For the brown bar - 1 oz. white tea and ginger scent from BrambleBerry and 1 tsp. cocoa powder for the brown coloring.

For the green bar - 1 oz. cedarwood scent from BrambleBerry, 1 tsp. ground cloves for the pale green, and 1 tble. dried, ground dandylion leaves for the dark green.

The birch slabs, rusty chicken wire, and burlap ribbon are from Save-On-Crafts.com

_Thank you for reading!_   Wyvern~
_


----------



## toxikon (Jun 7, 2017)

Beautiful photos!

It's hard to wait, isn't it?

But this may make you feel better. Many people actually recommend that newbies DO try their soap as they cure. Wash your hands with your soap at a 1 week cure, 2 week cure, 3 week cure and 4 week cure. Write down your notes on how your bar feels.

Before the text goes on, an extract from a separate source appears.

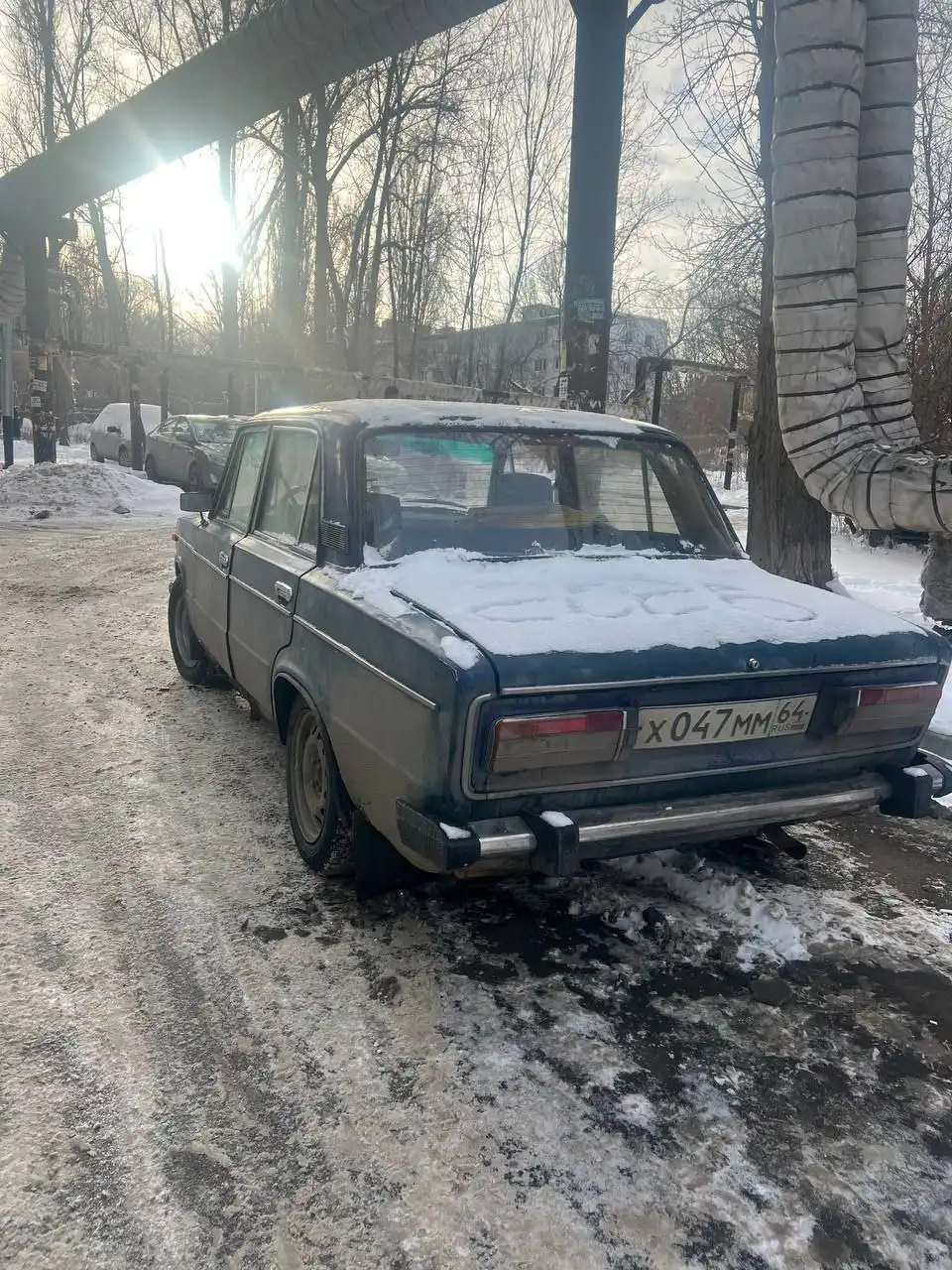 Продажа ВАЗ 2106 1997 года - Легковые автомобили (Авто) в Саратов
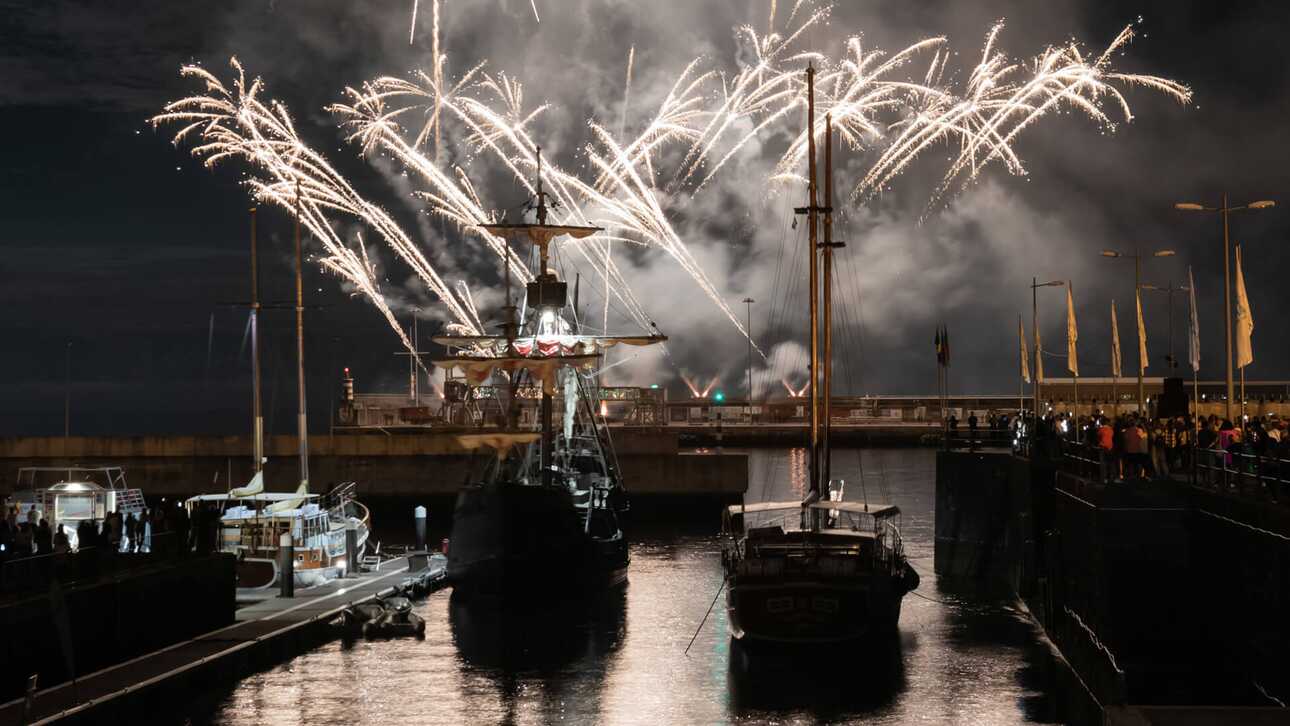 Die bekanntesten Festivals auf Madeira mit Feuerwerk - Silvester und das Atlantik-Festival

At 4-6 weeks, your bar will be fully cured and ready for proper use. But there's nothing stopping you from trying out a bar to learn the different stages of the cure. You'll probably find it very drying and stripping on your skin at first, but it's interesting to see it change. And make sure to hold onto at least one bar for 6 months or more - that's when soap gets unbelievably good.


----------



## WyvernWench (Jun 7, 2017)

Toxikon, thank you!  

I sure hated the idea of waiting a full month before I discover an idea of the results.  With your suggestion I can at least try a few more recipes with some of the more 'exotic oils' while I test the first batches.


----------



## dixiedragon (Jun 7, 2017)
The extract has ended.